I crawl away from the bed l
ike a thief, pausing—breath held—every time he so much as shifts or sighs. I feel like an idiot, or worse, like the basket case I’m so afraid of becoming, but I can’t bring myself to wake him up.
I can’t face him. Not yet.
I don’t take an easy breath until I’m in the kitchen, far away from my bedroom and the man sleeping in my bed. But even the kitchen is tainted. By the confessions I made last night, and by the brooch lying discarded on the counter. Her brooch.
I still have no idea how it got in my hair. I fixed my up-do myself for the party, fastened a small diamond-and-onyx clip over the twist. How that clip got changed to this brooch—the Belladonna’s brooch—I don’t have a clue. Ian is the only one who had access, the only one who dared touch my hair.
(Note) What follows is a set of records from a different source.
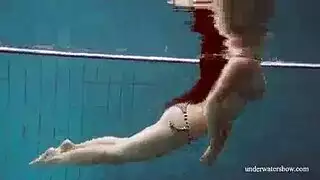 ثلاثية سرية تخدم شاباً محظوظاً بعمل إباحي صريح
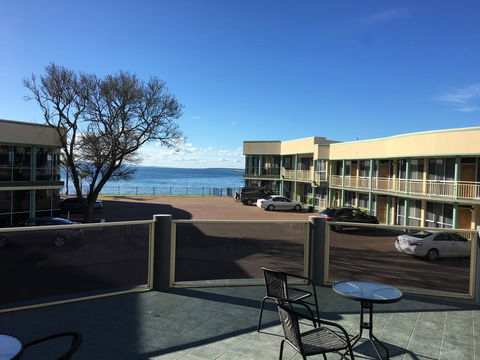 Hilton Beachfront Motel - Melbourne 4u 22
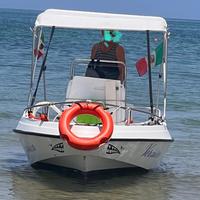 Barca autosvuotante 5 m con motore Suzuki 40cv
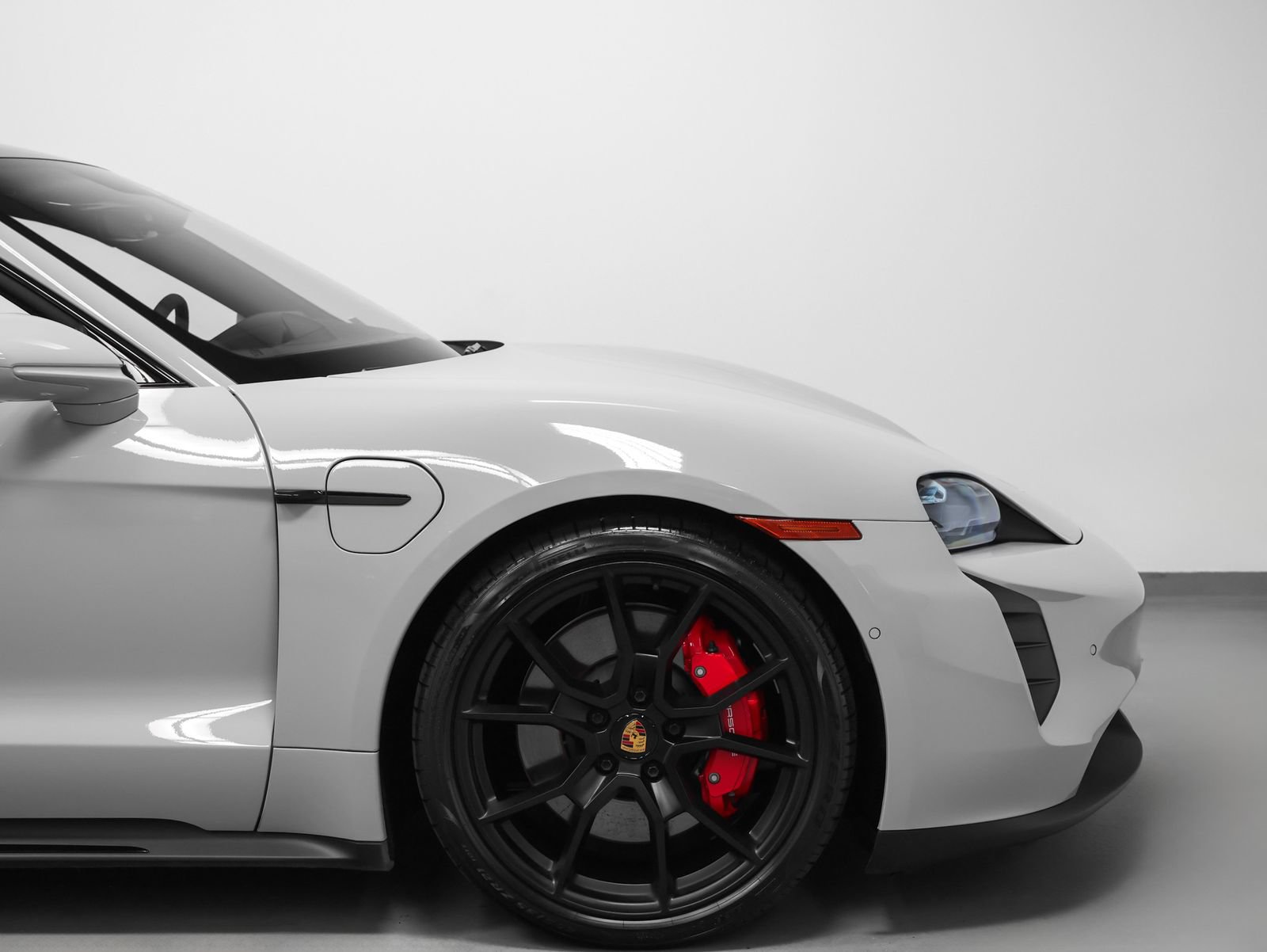 Certified 2024 Porsche Taycan GTS AWD/4WD image 17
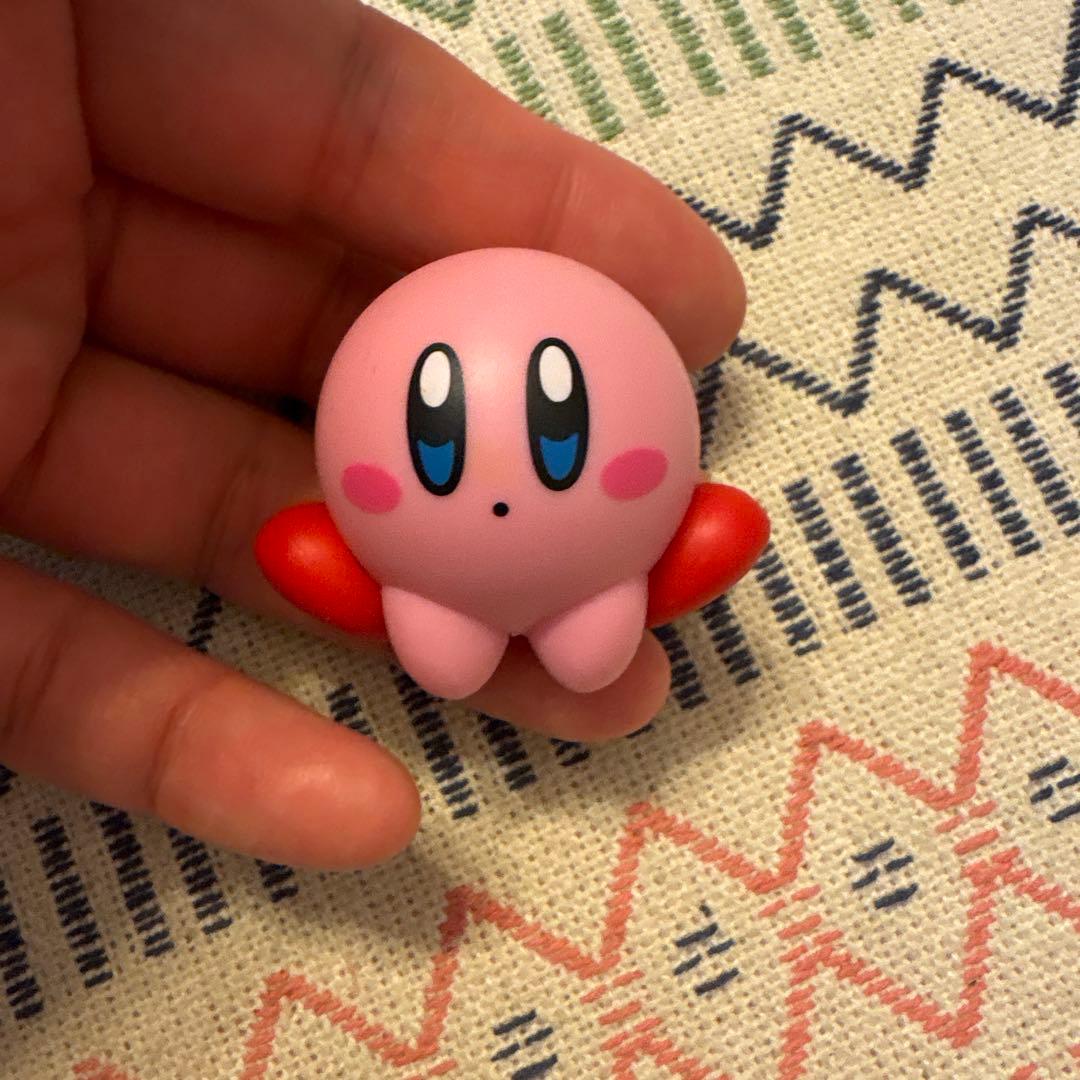 星のカービィー　ミニフィギュア&ピンバッチセットの写真4枚目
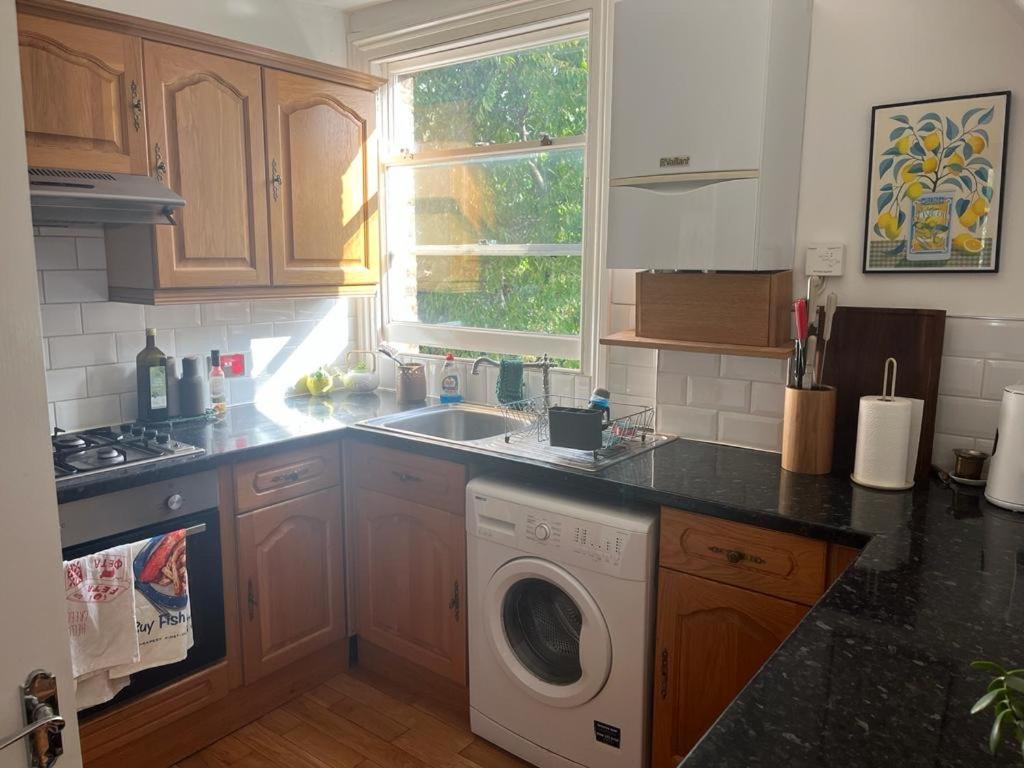 2 Bedroom Top Floor Flat, West Dulwich Free Street Parking 伦敦 外观 照片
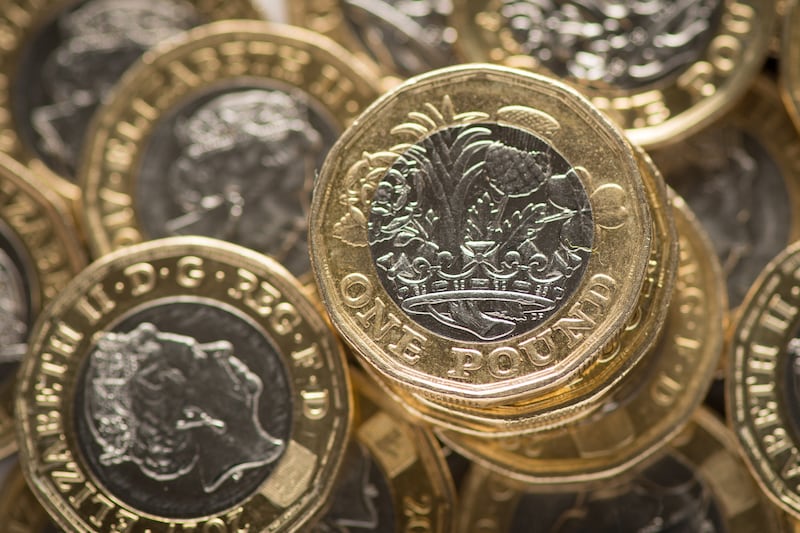 Old £1 coins with the late Queen Elizabeth II portrait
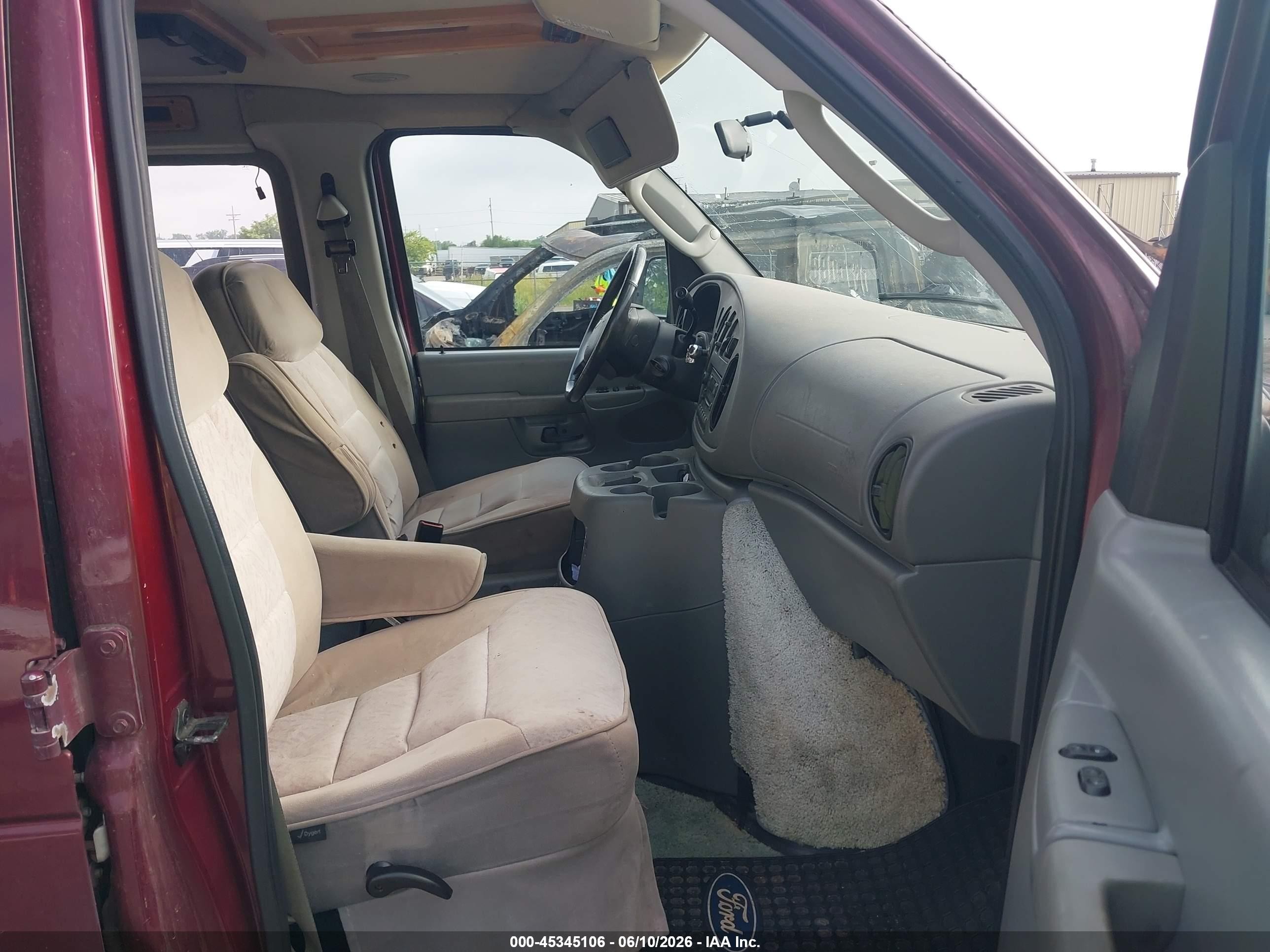 2004 Ford E-150 Recreational Red vin: 1FDRE14W14HA92025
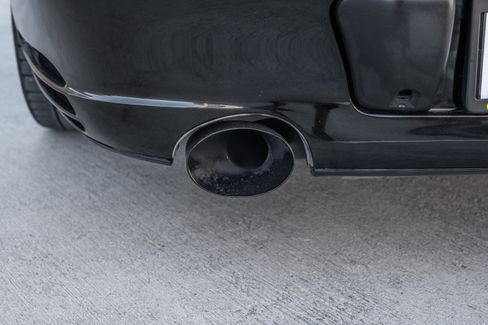 Used 2004 Porsche 911 Turbo image 10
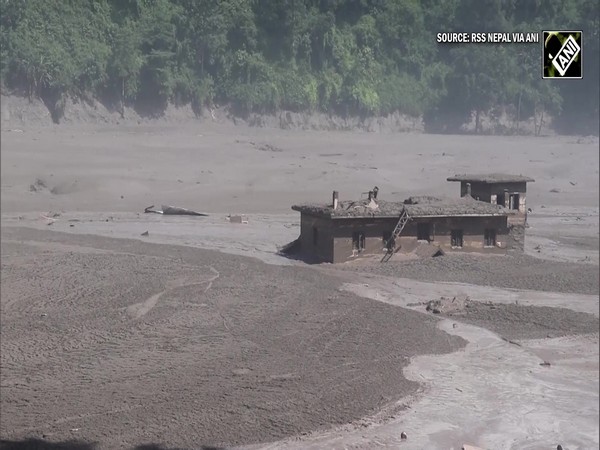 Tibet Mudslide, Nepal Flash Floods Hit Border Region; 3 Dead, 265 Missing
And yet I don’t believe it was him. I won’t believe it. Not when he held me so tenderly last night. And not when he looked so shocked when he found out what it was.
No, it wasn’t Ian who did this to me. Wasn’t Ian who called the gardeners and had them tear out my father’s English garden. And it sure as hell wasn’t he who snuck into my house and left my bathwater running. When that happened, he didn’t have a clue where I lived.
So, who then? The question circles my thoughts as I make myself a cup of coffee heavy on the milk. I wrack my brain, trying desperately to come up with an answer other than the one I am so afraid to contemplate. The answer I’ve spent two days running from and refusing to acknowledge.
But nothing else makes sense. No one else had access. No one else had opportunity.
Only me.
God, just thinking it makes my skin crawl and my stomach churn. I don’t want to believe it’s possible, but what else am I supposed to think? What other answer can there be?
Suddenly, the walls are closing in on me and this house that has always been my sanctuary feels like a prison. I can’t do this right now, can’t be here right now. I can’t face Ian with everything that I told him lying between us like poison. I have to get out, if only for a little while. I have to think.